**What to produce**
Leaving out the pictures, please reproduce exactly and only the lines from the one that contains "Wine Ciak 2026" through the last line below.

Given records Block Start

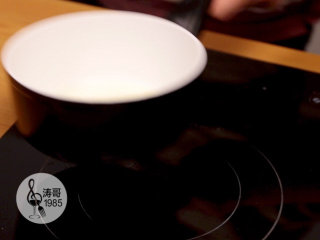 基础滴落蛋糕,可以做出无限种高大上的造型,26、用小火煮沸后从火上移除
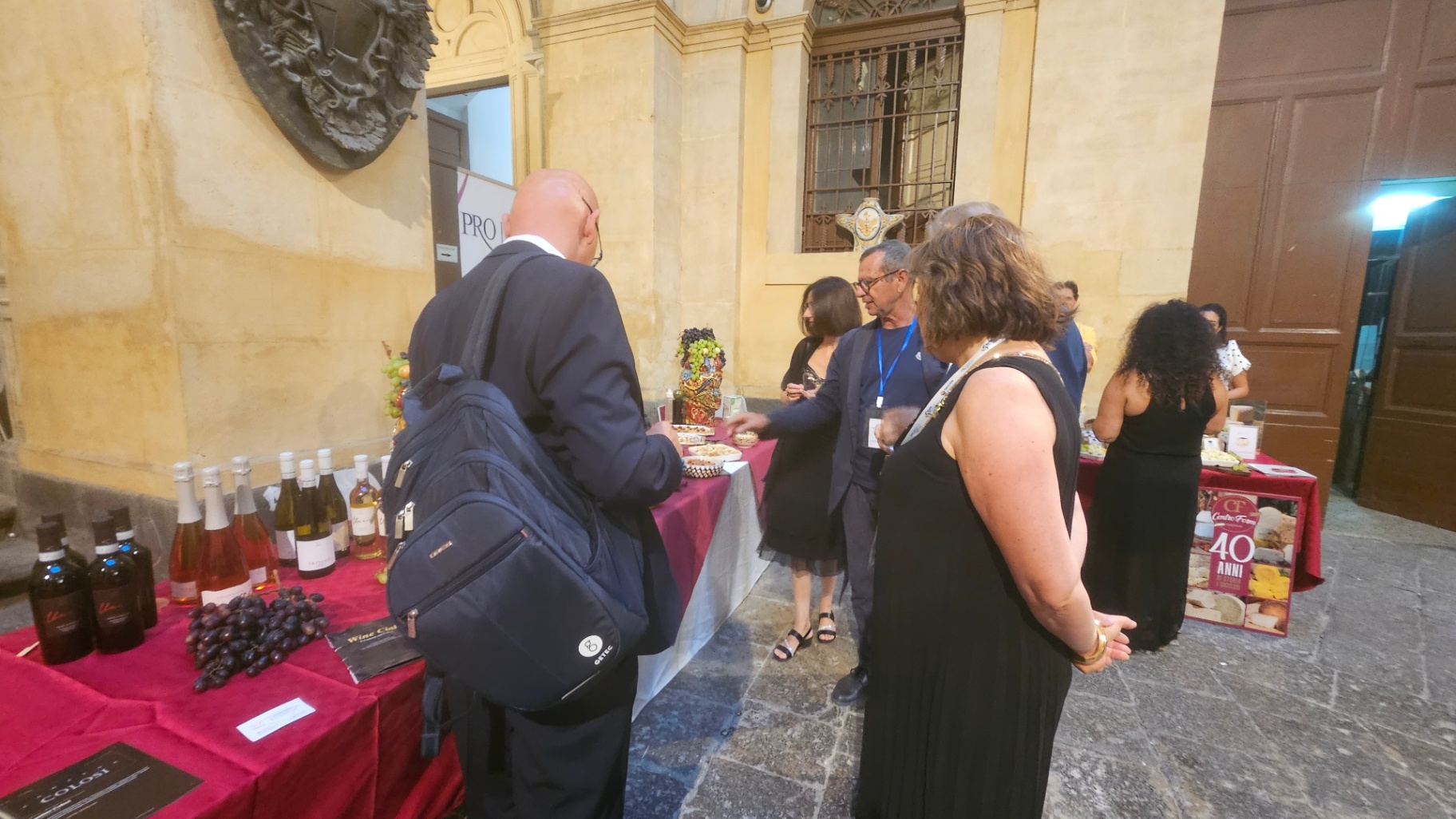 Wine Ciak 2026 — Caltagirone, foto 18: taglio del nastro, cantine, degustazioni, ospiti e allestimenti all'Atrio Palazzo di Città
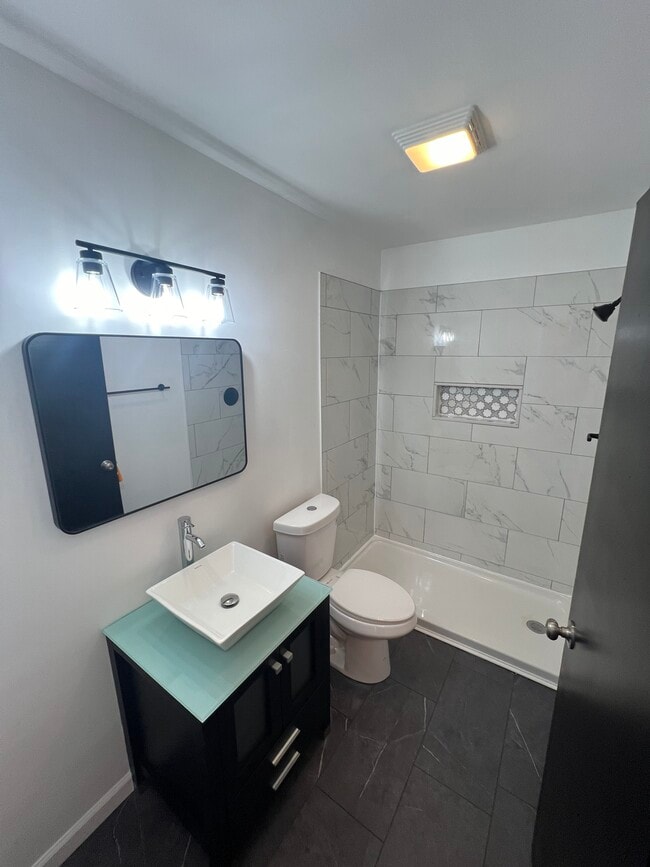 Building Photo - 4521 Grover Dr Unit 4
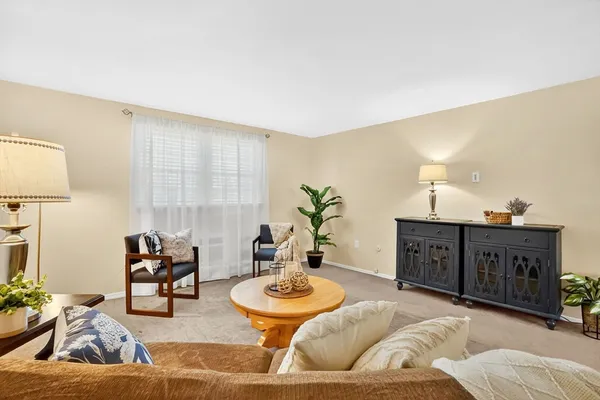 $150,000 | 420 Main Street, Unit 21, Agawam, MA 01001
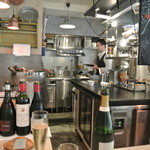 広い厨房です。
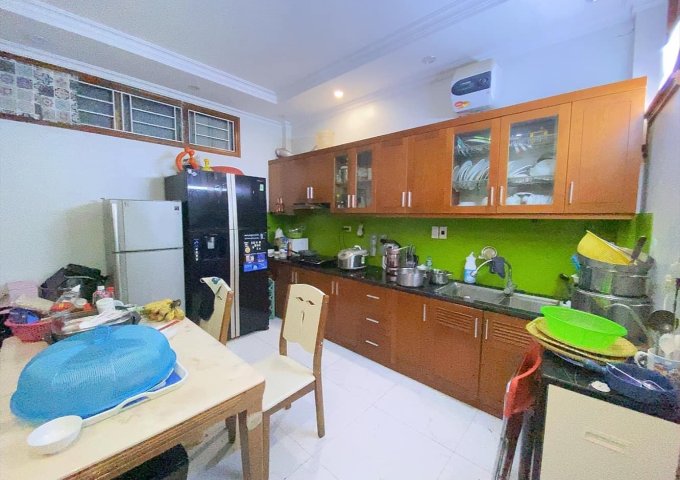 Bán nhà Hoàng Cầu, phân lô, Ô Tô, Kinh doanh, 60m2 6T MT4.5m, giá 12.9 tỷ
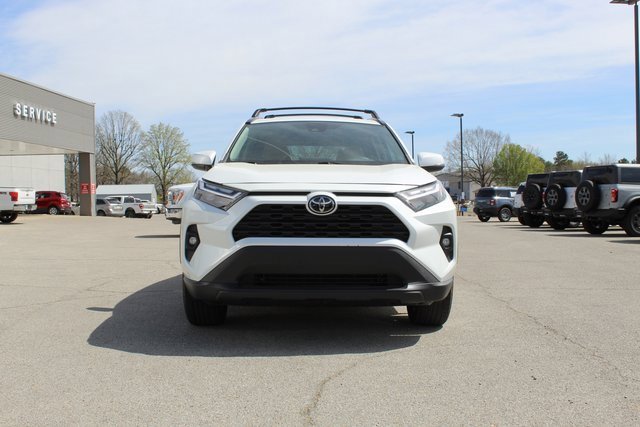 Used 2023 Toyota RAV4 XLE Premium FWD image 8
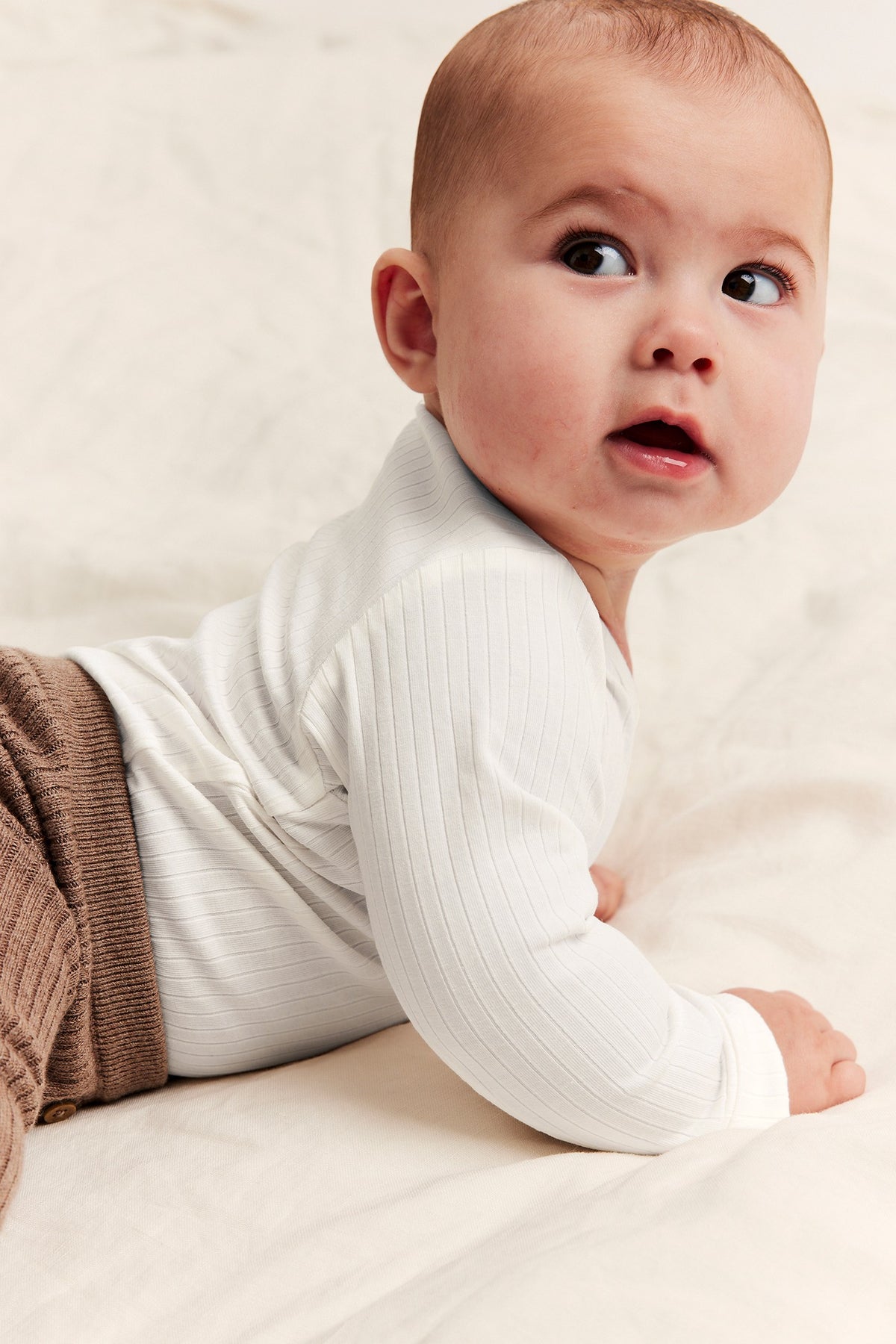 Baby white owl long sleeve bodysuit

Given records Block End

**Result below**
 Wine Ciak 2026 — Caltagirone, foto 18: taglio del nastro, cantine, degustazioni, ospiti e allestimenti all'Atrio Palazzo di Città
 Building Photo - 4521 Grover Dr Unit 4
 $150,000 | 420 Main Street, Unit 21, Agawam, MA 01001
 広い厨房です。
 Bán nhà Hoàng Cầu, phân lô, Ô Tô, Kinh doanh, 60m2 6T MT4.5m, giá 12.9 tỷ
 Used 2023 Toyota RAV4 XLE Premium FWD image 8
 Baby white owl long sleeve bodysuit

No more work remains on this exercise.